Prior to working my way through the end-to-end ETL solution for Data Vault certain fundamentals must be in place. The reference architecture is one of them and this is largely documented as part of this site and corresponding Wiki. The other main component from an implementation perspective are the requirements for ETL. As all concepts have their place in the reference architecture for good reasons they also have tight relationships and changes to one concept can have implications in another. A good example of this is error and exception handling.

Since we try to stay true to the Data Vault principles we make sure we load all the data and apply business rules later. This also means that concepts such as streamlining datatypes may not lead to errors, Disaster Recovery must be in place and so on. The fundamental ETL requirements support these principles by providing atomicity, decoupling and restartability. In the various upcoming posts these requirements will be referred to often as they are as much part of the architecture as anything else and many concepts depend on them.

Though not necessarily related to Data Vault I like to thing that they properly support the ideal.

The requirements are as follows:

1). ETL can always be rerun without the need to manually change settings. This manifests itself in many ways depending on the purpose of the process (i.e. its place in the architecture). An ETL process that truncates a target table to load form another table is the most straightforward example since this will invariably run successfully every time. Another example is the distribution of surrogate keys in the Hub tables since it is checked if keys are already present before they are inserted. This requirement is also be valid for Presentation Layer tables which merge mutations into an aggregate. Not only does this requirement make testing and maintenance easier, it also ensures that no data is corrupted when an ETL process is run by accident.
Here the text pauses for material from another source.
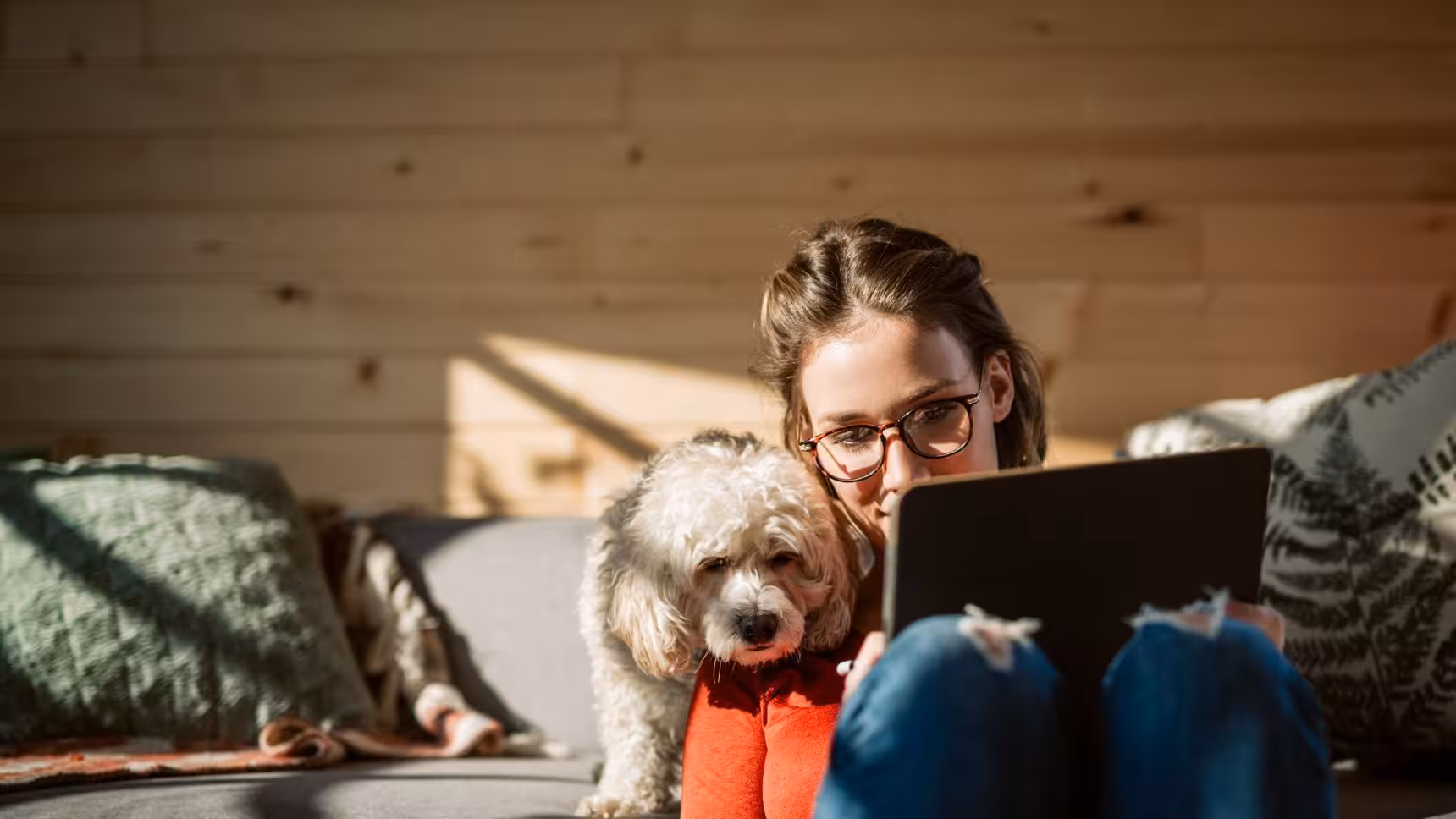 Woman with glasses sitting on a couch using a tablet while a fluffy dog rests its head on her knees.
2). Source data for any ETL can always be related to, or be recovered. This is covered by correctly using the metadata framework and concepts such as the History Area. The metadata model covers the audit trail and its ability to follow data through the Data Warehouse while the History Area enables a new initial load in case of disaster.
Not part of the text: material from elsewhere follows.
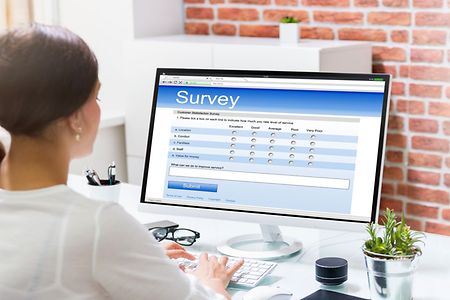 Junge Businessfrau f&uuml;llt eine Online-Umfrage am PC aus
3). ETL processes exist in the folder where they pull data to. For instance the ETL that exist in the 200_History_Area folder loads data from the 100_Staging_Area.

4). ETL processes detect whether they should insert records or not, i.e. should not fail on constraints. This is the design decision that ETL handles data integrity (and not the database).
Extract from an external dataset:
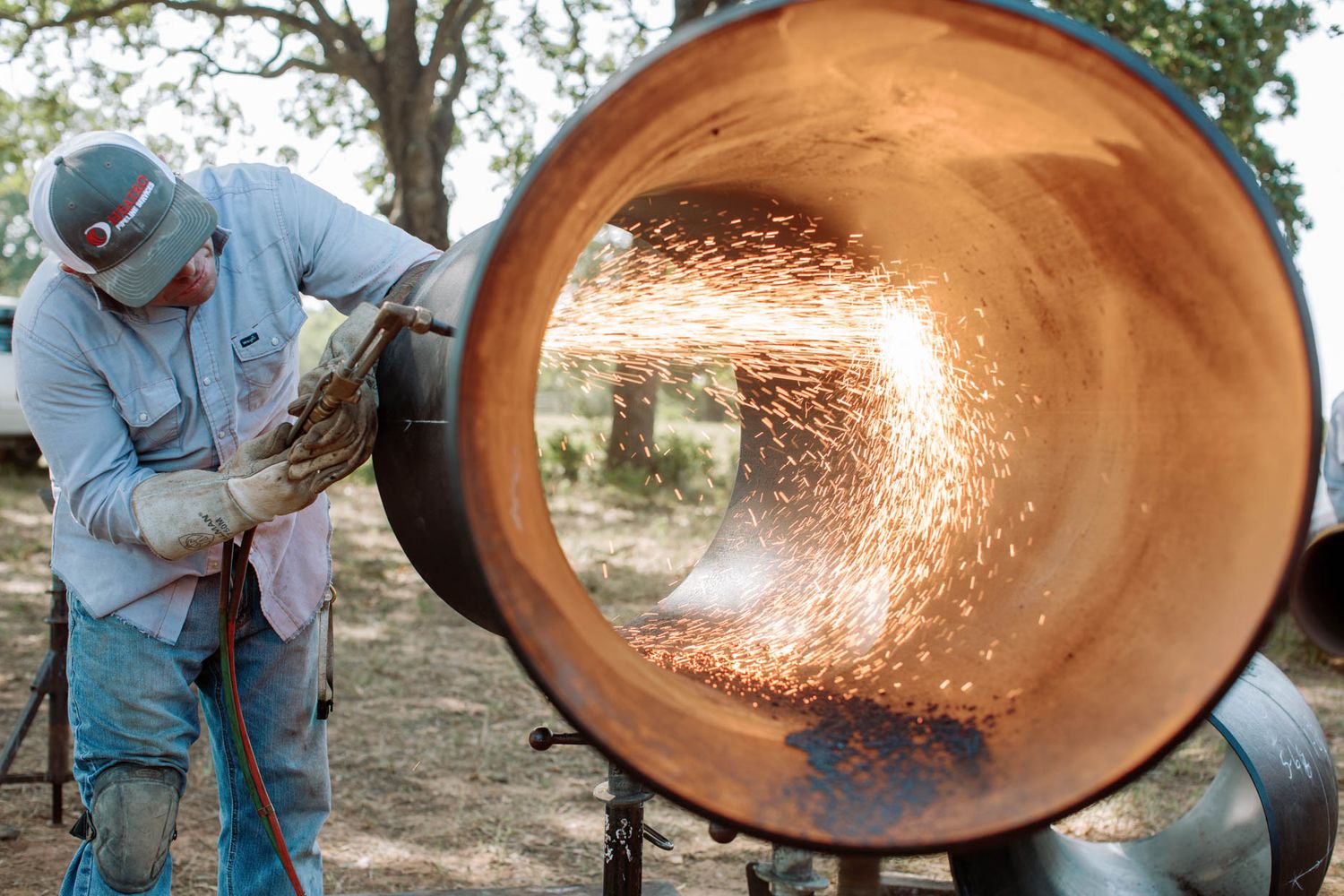 Worker grinding inside large metal pipe with bright sparks flying in outdoor construction setting.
5). The direction of data is always ‘up’. The typical process of data is from a source, to staging, integration and ultimately presentation. No regular ETL process should write data back to an earlier layer, or use access this information using a (key) lookup.

6). ETL processes must be able to process multiple intervals (changes) in one run. This is an important criterion for ETL to be able to be run at any point in time and to support real-time processing. It means that ETL should not only be able to load a single snapshot or change for a single business key but to correctly handle multiple changes in a single dataset. For instance if the address of an employee changes multiple times during the day and ETL is run daily, all changes are still captures and correctly processed in a single run of the ETL process. This requirement also prevents ETL to be run many times  for catch-up processing.

7). ETL processes should automatically recover when failed. This means that if an error has been  detected the ETL automatically repairs the information from the erroneous  run and inserts the correct data along with any new information that has been sourced. This is one of the reasons why ETL must be able to process multiple time intervals.

8). ETL processes contain transformation logic for a single specific function or purpose. This design decision follow ETL best practises to create many ETL processes that each address a specific function as opposed to few ETL processes that perform a range of activities. Every ETL process attempts to execute an atomic functionality. Examples of atomic Data Warehouse processes (which therefore are implemented as separate ETL processes) are key distribution, detecting changes and inserting records and end-dating records.

9). Related to the above definition of designing ETL to suit atomic Data Warehouse processes every ETL process can read from one or more sources but only write to a single target.